Task details: In the material below, the lines between the one holding "restauracion fachada en merida" and the one holding "Adidas Predator Mutator", inclusive, are to be set down word for word. Pictures stay out.

Dataset excerpts:

▼

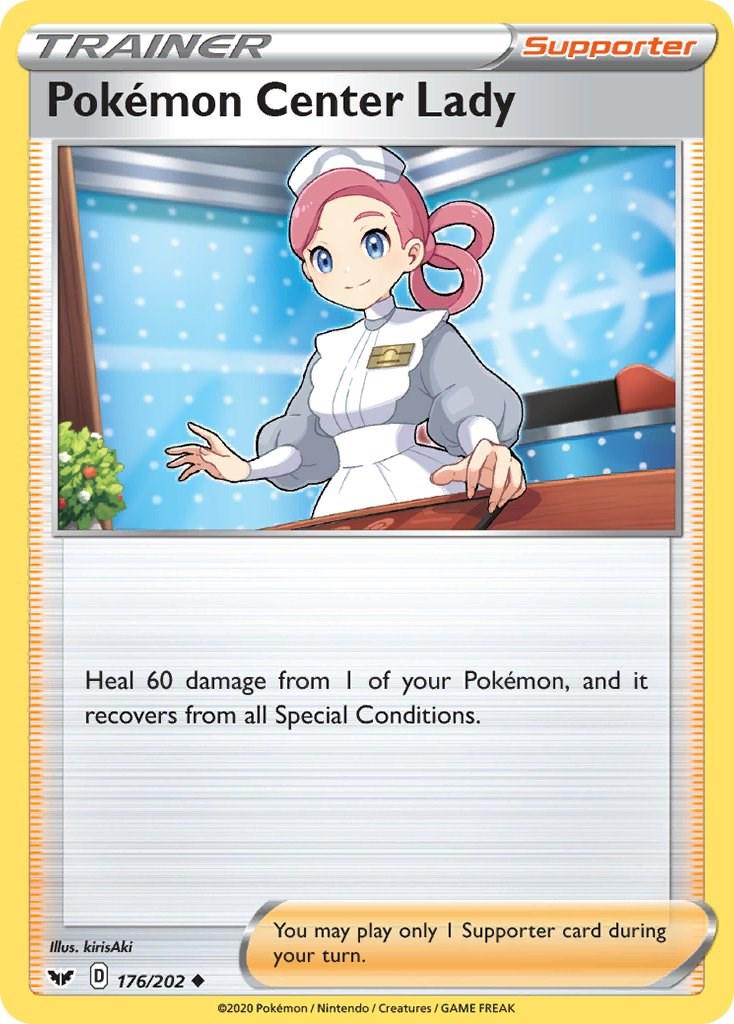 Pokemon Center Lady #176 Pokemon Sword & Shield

▲
▼

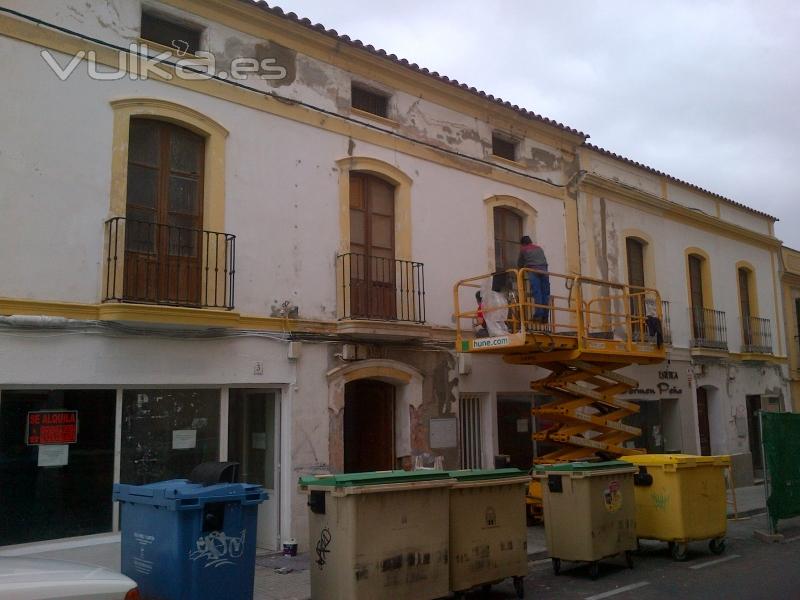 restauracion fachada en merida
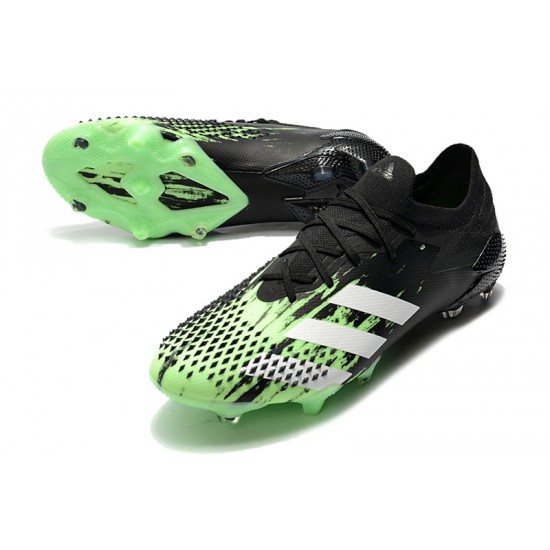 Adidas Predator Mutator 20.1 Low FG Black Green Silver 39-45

▲
▼

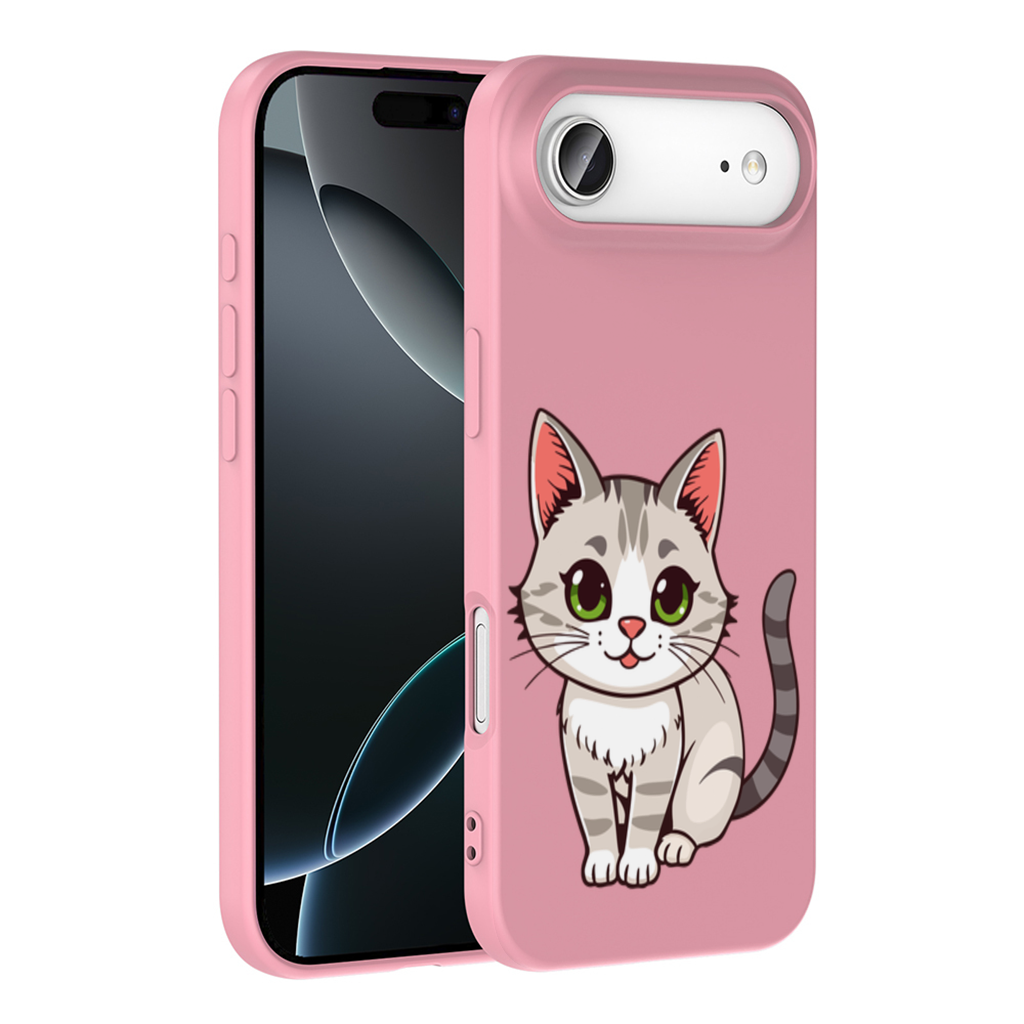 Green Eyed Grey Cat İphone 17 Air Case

▲

Response below:
 restauracion fachada en merida
 Adidas Predator Mutator 20.1 Low FG Black Green Silver 39-45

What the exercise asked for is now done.